I may have mentioned this before but work me has a management position. Not high up of course but enough so that I do spend most of my day making decisions. Work me comes across as very self-confident – some have suggested the self-confidence borders on arrogance. I do have to admit that work me does not suffer fools very well. In contrast, as you know if you’ve read most my other posts, dance me is a bundle of insecurities capable of being reduced to a state of near depression by a single word or how something is stated. Somewhat pathetic I know but, as they say, recognizing a problem is the first step to solving it.
I have a very talented staff but some of them suffer from a real lack of confidence. Today, I got a question from one of them.
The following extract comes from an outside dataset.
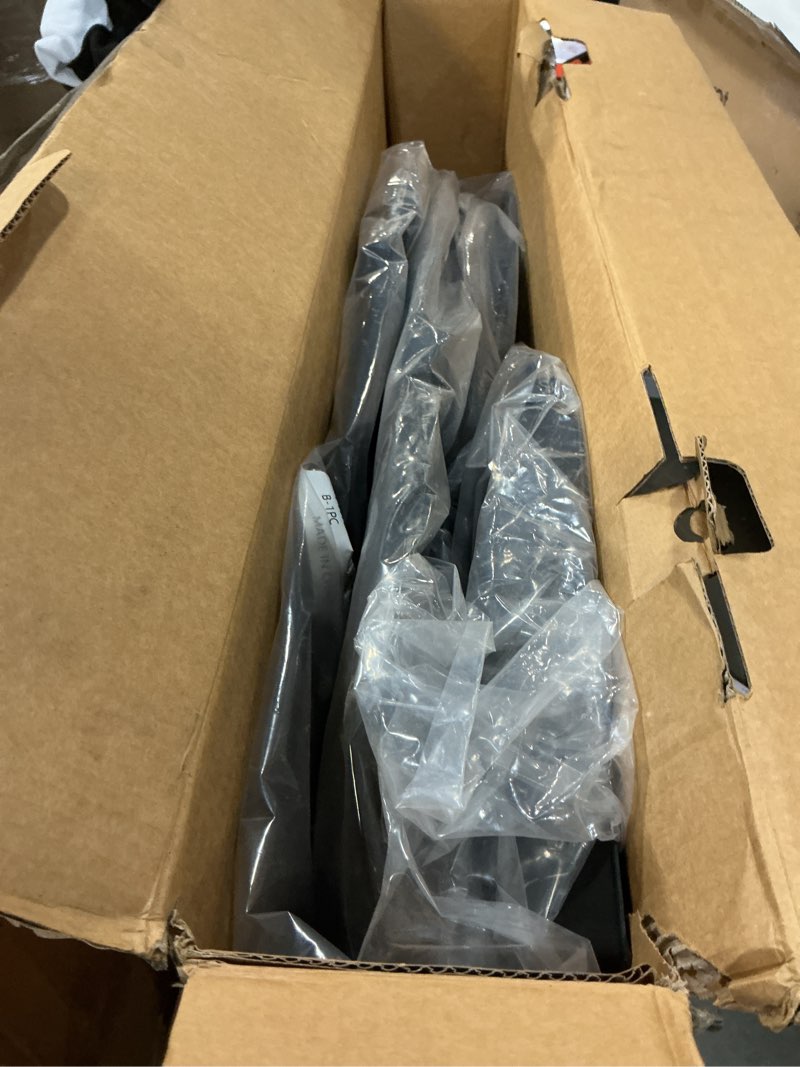 Condition photo showing Good Condition for yhtauto automotive floor mats compatible with 2009-2018 ram 1500/2500/3500 crew cab, 2019-2024 ram 1500 classic crew cab, all weather car mats custom fit tpe liners, 1st row, set of 2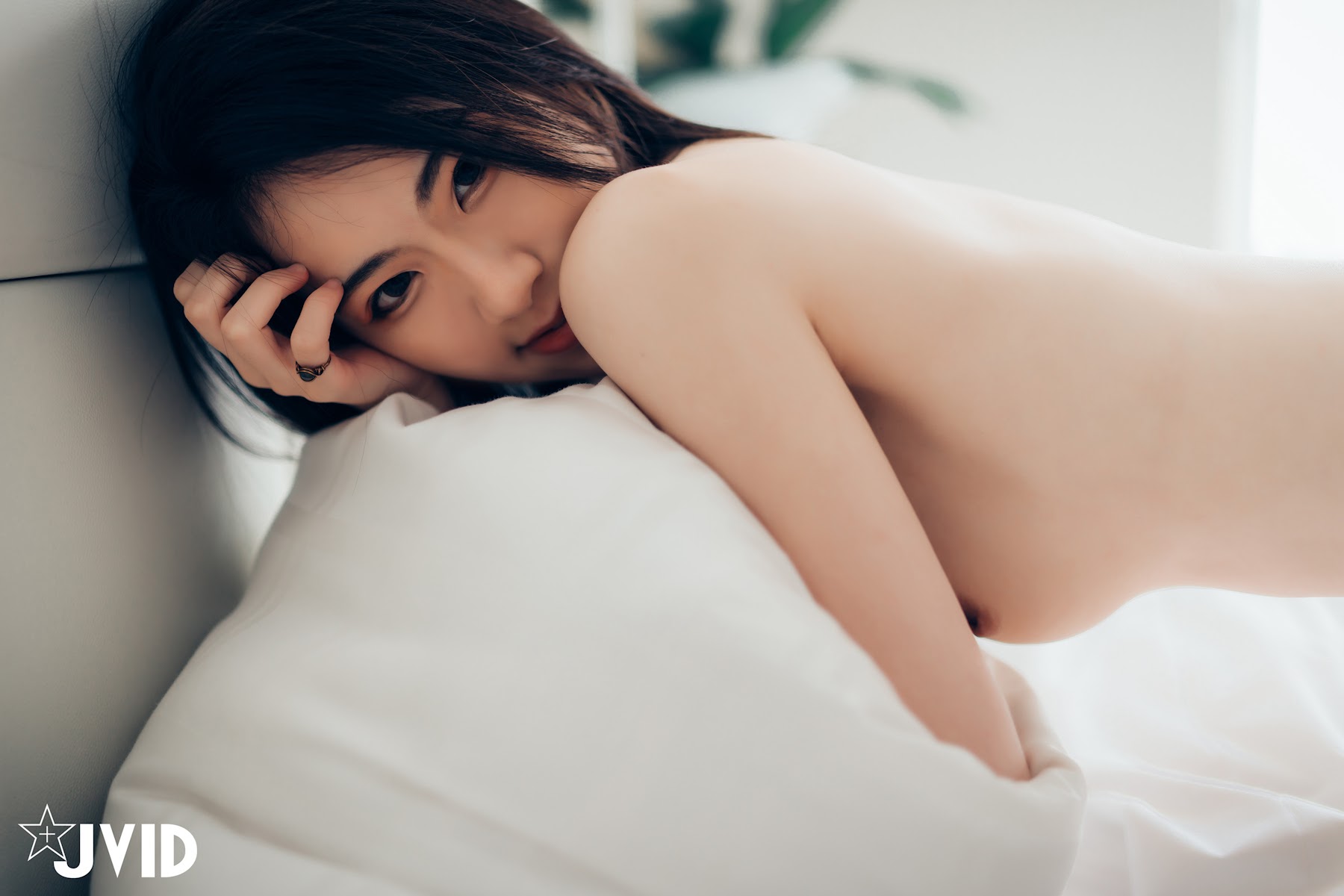 [JVID] 阿黎 – 超甜美女僕降臨!天然女神阿黎 - P106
Yes, I know that a good manager is not supposed to answer everything and I work at that but I try to first answer with an explanation of the logic hoping that will allow them to deal with future similar situations. Anyway, after answering the question, the response was “Good, that’s what I was thinking”. Which prompted me to say “Well why did you ask – why didn’t you trust your instincts.” That then lead me into an impromptu pep talk where I started to talk about that fact that this person knew what they were doing and that they really needed to just trust themselves a little more and that they needed to have some confidence in their own abilities.
As I’m saying this, some little switch in my head flips and work me says to dance me “You know that also applies to you”. Dance me tries to come up with some lame excuse like “but our situation is different” and then work me says that is just a load of you know what and that it is the same. And that dance me has received so much positive feedback from so many sources that dance me shouldn’t be so focused on the negative. About then, I realized that work me would just love to slap the sh** out of dance me. I explained some of what was going on inside my head to the person I was speaking with. They thought it would make me more sympathetic to their problems. I choose not to say what I really felt which is that no it just made me realize that dance me can be quite a pain in the ass at times and really just needs to drop the whole pathetic attitude.
At this point, I’m hoping work me pushes dance me out of the car on the drive over to my lesson tonight. We’ll see how it goes.